As the Toledo Blade editorial board quite rightly put it this morning:
The military has had years to prepare. Public sentiment against the policy has grown steadily. Most Americans now oppose "don't ask, don't tell." But politicians refused to change the policy because they feared angering a vocal anti-gay minority. And military brass kept their collective heads in the sand, expecting that equality for gays in the military was always going to be in the future, never in the present. ...
...[J]ust as there continue to be a few racists and misogynists wearing the uniforms of America's Armed Services, there will always be a few homophobic service members as well. That's not a rationale for continuing to punish the victims, as the current policy does. The better policy is for the military to weed out the bigots.
And the better policy for the White House is to do the right thing, to defend constitutional rights, even when it's inconvenient.

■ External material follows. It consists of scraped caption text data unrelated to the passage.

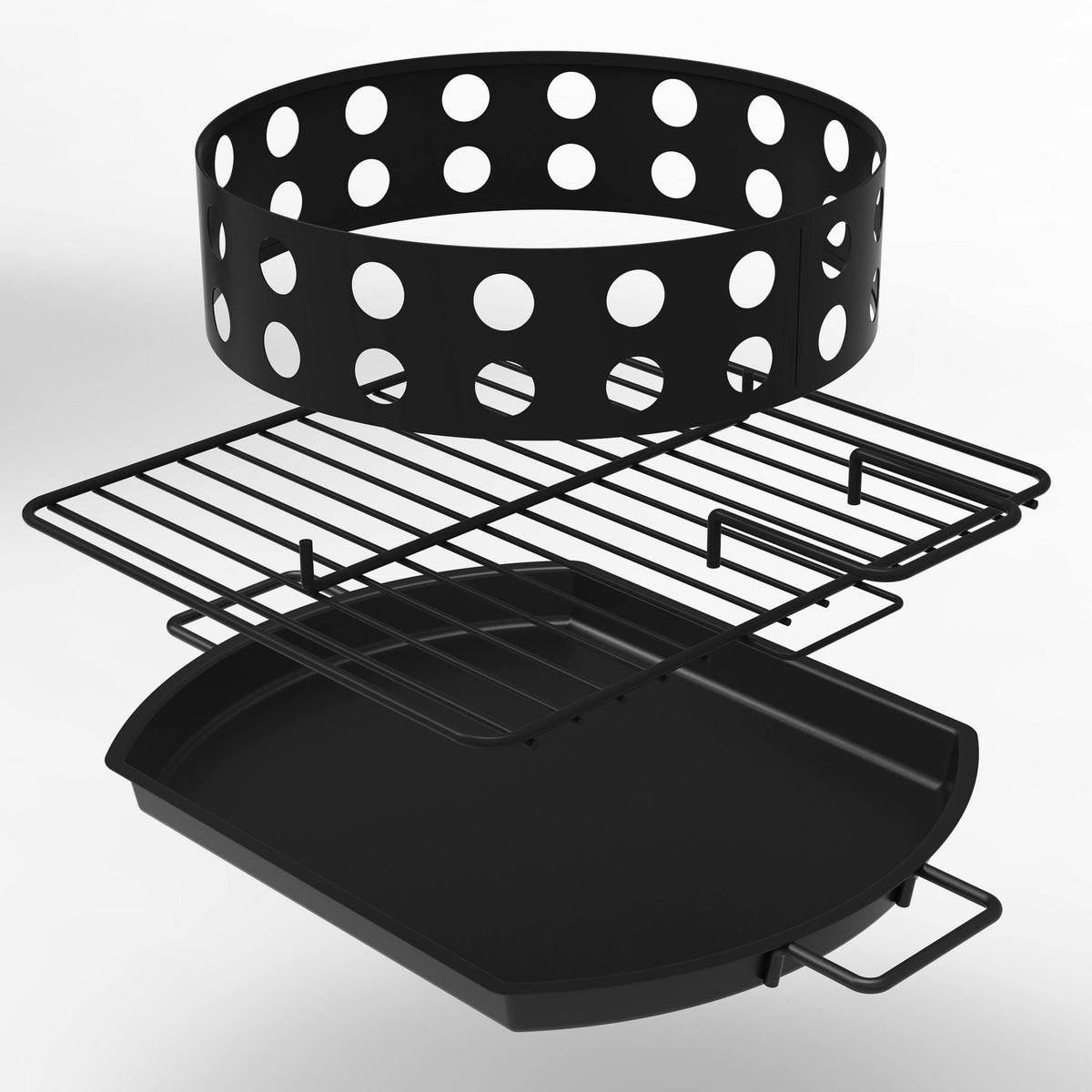 Heavy-Duty Vertical Charcoal Smoker S176
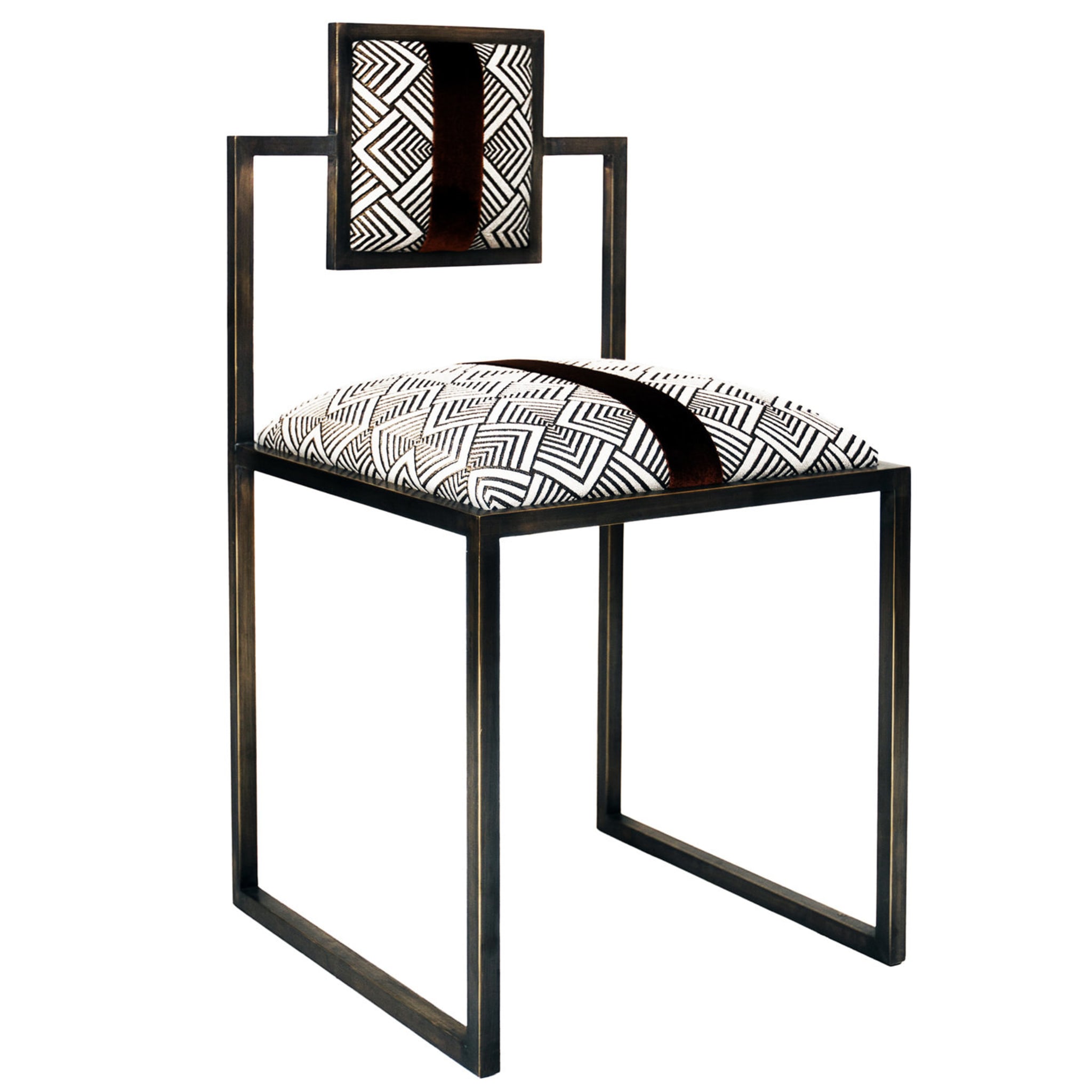 Grigio and Bronze Square Chair - Alternative view 1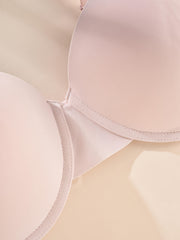 Women's Plus Soft Full Cover Molded Cup Underwire Bra Set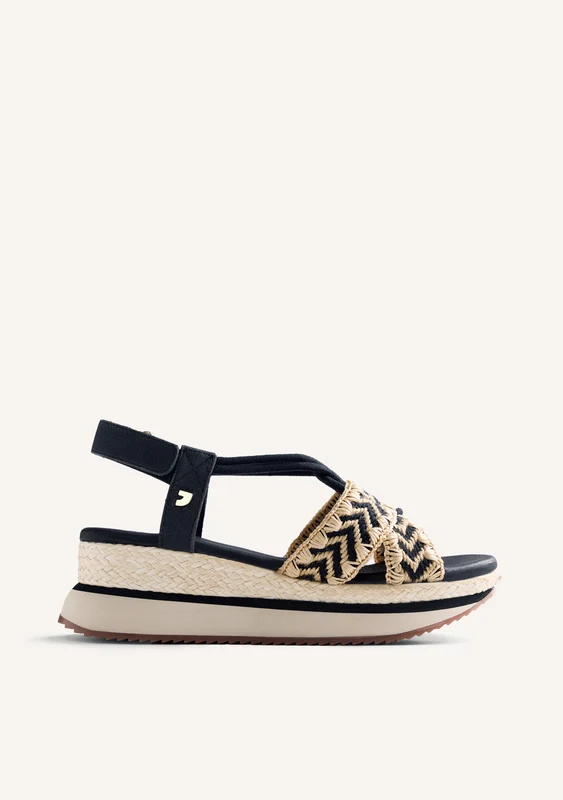 EMBROIDERED WEDGE SANDALS UGUNJA 41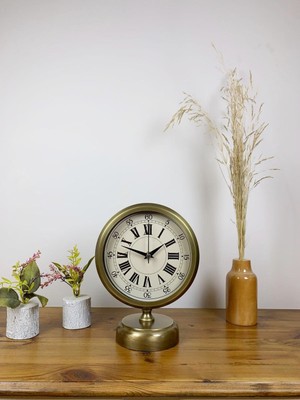 Urfakent Eskitme Metal Orient Masa Saati 25×20 cm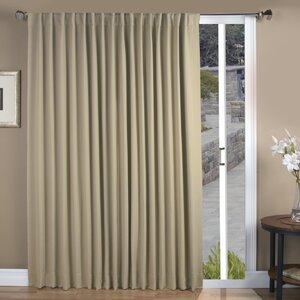 Sallie Solid Blackout Thermal Rod Pocket Single Curtain Panel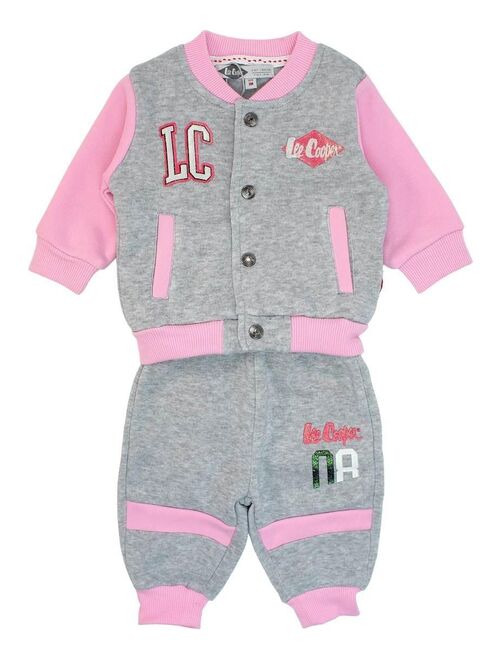 Lee Cooper - ​​Ensemble ​​Veste sweat pantalon bébé fille Imprimé Lee Cooper - Kiabi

Palm Center Director Aaron Belkin stated in a press release:
With all due respect Mister Secretary, implementing repeal of DADT is not difficult and you should stop saying that it is. Indeed, there were no reports of enormous consequences for the troops yesterday after the ban was suspended. There were no reports of problems today.

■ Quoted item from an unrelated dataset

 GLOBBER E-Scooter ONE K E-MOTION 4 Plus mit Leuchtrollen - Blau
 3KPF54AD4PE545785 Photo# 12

As you well know, gays and lesbians are serving honorably and openly today alongside their straight peers. For this reason, and as the RAND Corporation found in 1993, the lifting of a gay ban is not difficult if leaders insist that troops work together. A protracted process involving "a lot of training" is not needed.

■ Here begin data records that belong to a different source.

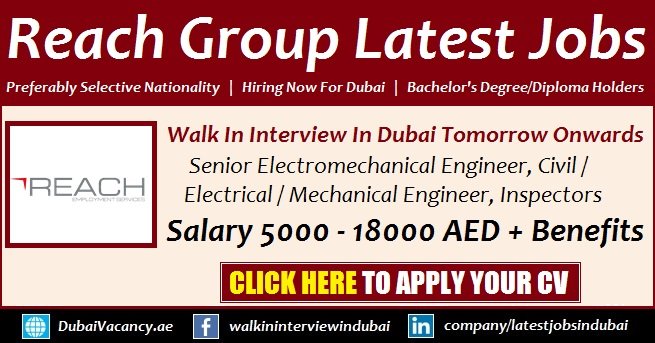 Reach Employment Services Dubai Jobs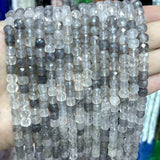 5mm Faceted Grey Cloud Quartz Cube Spacer Beads for Jewelry Making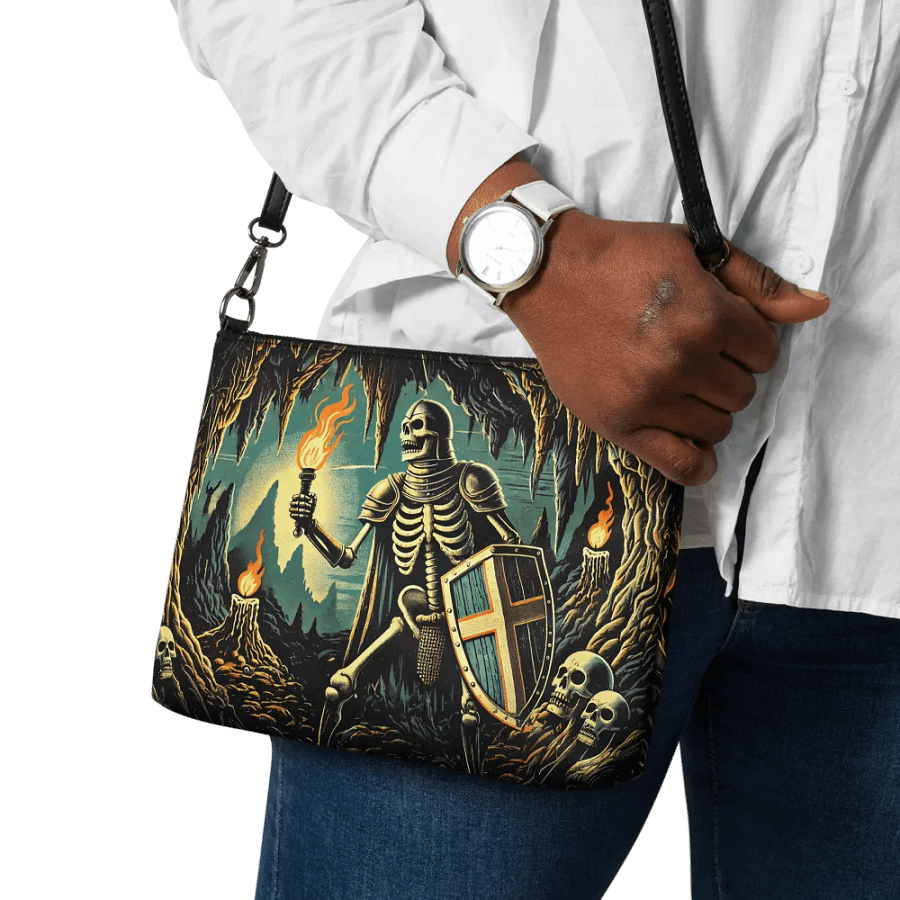 Skeleton Knight Explorer Crossbody Bag - Spooky Monster Purse product image (11)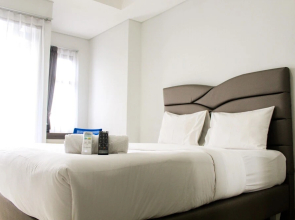 New Furnished City View Studio Apartment @ Springwood Residence By Travelio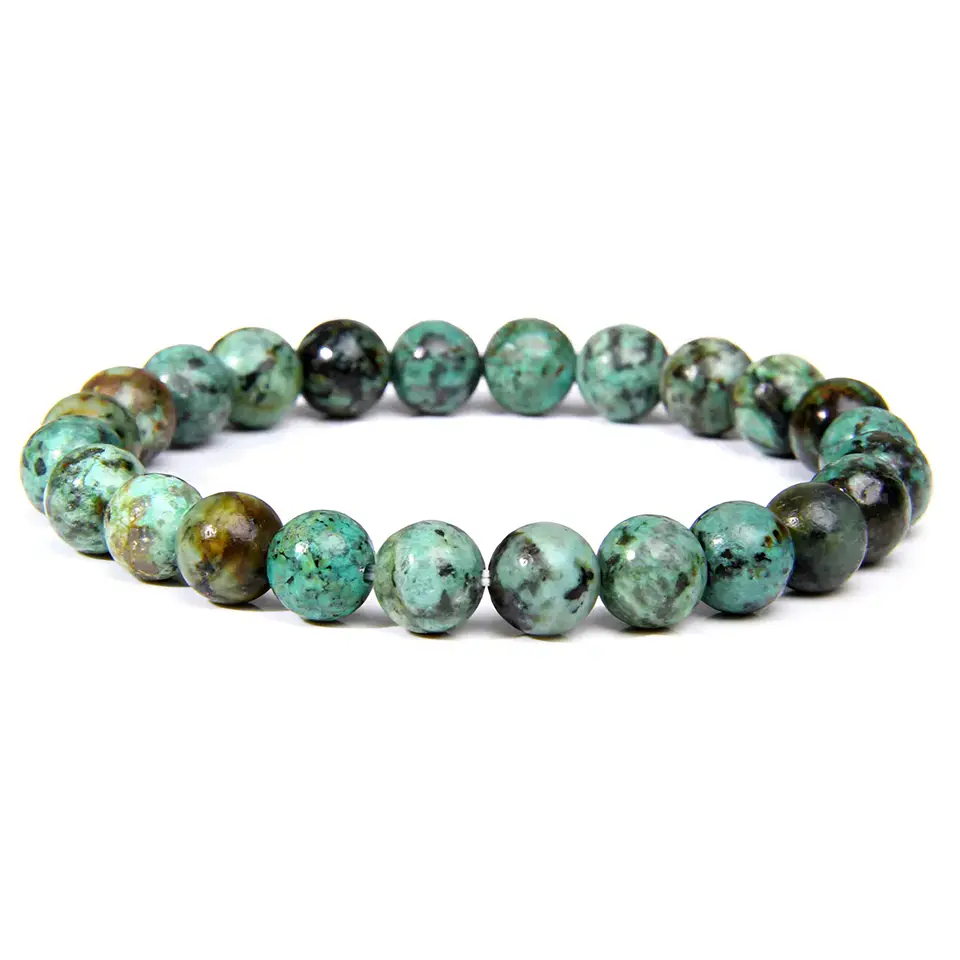 Pulsera Piedra Turquesa Africana 8mm 1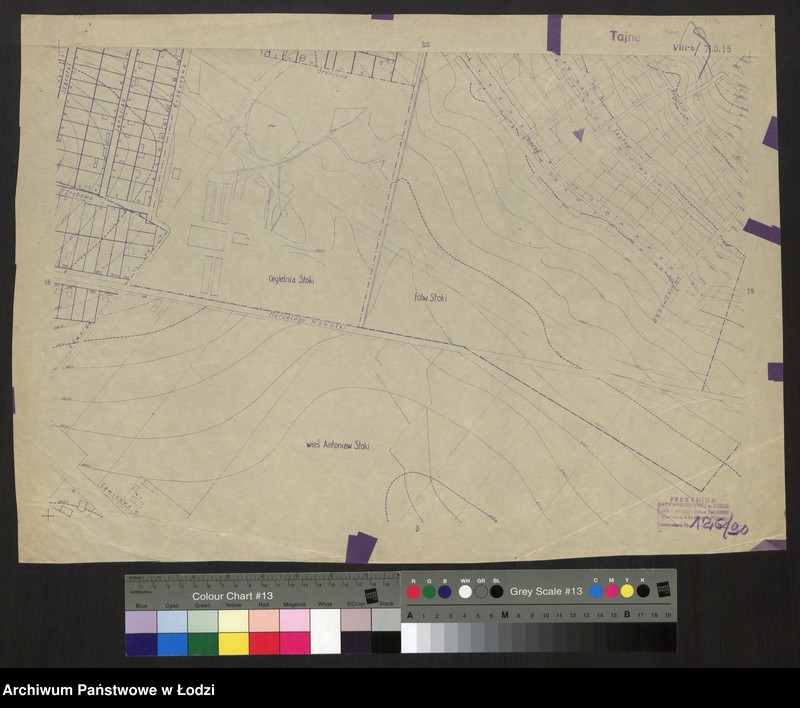 Obraz 1 z jednostki "Plan miasta Łodzi. Sekcja NO 15"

Eight months ago, the Palm Center reported on the experiences of five of the 25 countries that allow gays and lesbians to participate openly in their militaries. In its 152-page white paper, Gays in Foreign Militaries 2010: A Global Primer, the authors stated, among other things:
[R]esearch concludes unequivocally that such policy changes are most successful when
implemented quickly. Such research is summarized in the 1993 Rand study, which Secretary Gates has asked to be updated. According to that report, the two most important factors in a personnel policy transition of this nature are decisive leadership and a single code of conduct for all personnel. Rand found that a successful new policy must be “decided upon and implemented as quickly as possible” to avoid anxiety and uncertainty in the field. It stated that “fast and pervasive change will signal commitment to the [new] policy,” while “incremental changes would likely be viewed as experimental” and weaken compliance. It also concluded that “any waiting period permits restraining forces to consolidate,” and that “phased-in implementation might allow enemies of the new policy to intentionally create problems to prove the policy unworkable.” Finally, it recommended that any new policy be implemented and communicated “as simply as possible” to avoid piling on confusing changes incrementally that would force service members to endure new rules every few months instead of having to adjust only once.50
New reports have also indicated that the study groups would address whether separate facilities, such as barracks and showers, would be needed in order to lift the ban.51 Yet Rand cautioned against instituting separate facilities for minority groups, citing the resentment and damaging focus on gender distinctions that have resulted from different standards for men and women.52
Getting rid of this policy of inequality has been delayed and delayed for no good reason other than kow-towing to bigots. Gates now argues for more delay. Instead of appealing the district court's ruling, the President should tell his appointee Gates - and the generals and admirals - that time's up. More foot-dragging serves no purpose other than to persuade many gay and lesbian Americans and their allies that the administration is less than serious about getting rid of this heinous, career-busting policy.